DPR Minta BPK Lanjutkan Lagi Sejumlah Audit tentang Energi



JAKARTA. Untuk kedua kali, Badan Pemeriksa Keuangan (BPK) datang memenuhi undangan Panitia Khusus (Pansus) Kebijakan Kenaikan Harga Bahan Bakar Minyak (BBM).

Kali ini, BPK datang dengan membawa data lengkap tentang energi. Salah satu data BPK yang membetot perhatian anggota dewan adalah laporan rekapitulasi temuan pemeriksaan BPK yang berpengaruh terhadap perhitungan bagi hasil antara kontraktor kontrak kerja sama (KKKS) dengan pemerintah pada tahun buku 2004 dan 2005.

Di situ terdapat dana bagi hasil yang belum disetujui mencapai US$ 1,79 miliar. Adapun total perhitungan bagi hasil yang sudah disepakati pemerintah sebesar US$ 16,06 miliar.


Auditor Utama BPK Widodo Mumpuni mengatakan dana bagi hasil yang belum disetujui itu seharusnya tidak boleh dibagikan. "Kalau pun sudah dibagikan, dana itu bisa dipotongkan pada bagi hasil tahun ini," kata Widodo, Rabu (2/9).

Pada tahun buku 2004 dan semester pertama 2005 ada pencairan dana bagi hasil yang belum disetujui milik lima KKKS. Kelima KKKS itu adalah PT Chevron Pasific Indonesia, Conoco Philips Grissik, Petrochina International Jabung Limited, Medco E&P Indonesia-Rimau Block, dan BOB PT Bumi Siak Pusako-Pertamina Hulu. BPK menemukan dana bagi hasil yang cair tanpa persetujuan iniĀ  sebesar US$ 1,13 miliar.

Sedangkan pada tahun buku 2005, BPK menemukan nilai bagi hasil yang belum disetujui tapi sudah cair, mencapai US$ 652,40 miliar. Angka ini berasal dari delapan KKKS. Mereka adalah Total Indonesia Balikpapan, Chevron Makassar Limited & Chevron Indonesia Company, VICO Indonesia, China National Offshore Oil Company SES Ltd, Exxon Mobil Oil Indonesia, Conoco Philips Natuna, British Petroleum West Java, dan Premier Oil Natuna Sea.

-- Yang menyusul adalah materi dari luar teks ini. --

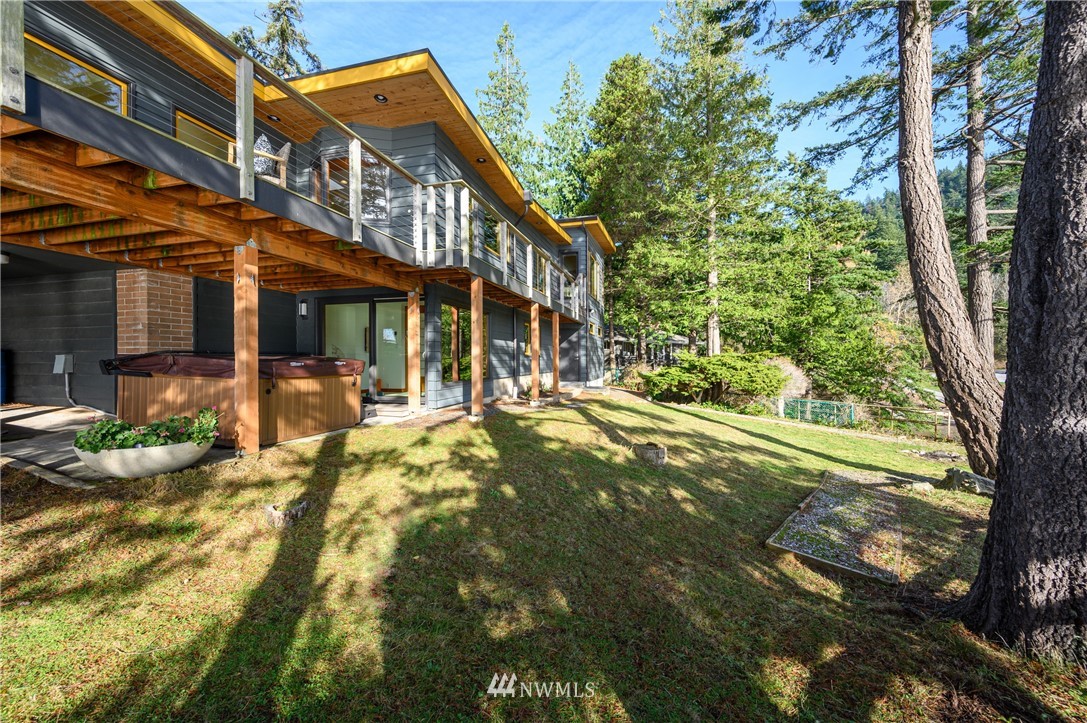 340 Cove Road Bellingham, WA 98229 - Photo 5 of 40 a view of a house with a tree in front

Sebagai tindak lanjut atas temuan BPK, anggota Pansus BBM Drajad H.Wibowo mengatakan Pansus BBM perlu menyurati panitia anggaran DPR agar memanggil dan meminta penjelasan dari berbagai pihak terkait. Ini terkait dengan penggunaan uang dari Anggaran Pendapatan dan Belanja Negara (APBN). "Kalau perlu, BPK melakukan pengecekan ulang atas hal tersebut," kata Drajat.

Widodo mengatakan BPK pernah meminta penjelasan masalah ini kepada pemerintah. "Tapi saya lupa detilnya karena itu sudah lama," kata Widodo. Saat ini, BPK sedang merumuskan laporan hasil rekapitulasi pemeriksaan BPK yang berpengaruh terhadap perhitungan bagi hasil tahun buku 2006 dan 2007.

Sementara itu menurut anggota Pansus BBM Rama Pratama, masalah pengelolaan energi ini terlalu banyak karena pengawasan kebijakan energi yang masih lemah. Dia mengusulkan ada audit terhadap kebijakan energi nasional dan pajak atas minyak dan gas. "Segala hal soal energi itu sumbu utamanya dua hal itu," kata Rama.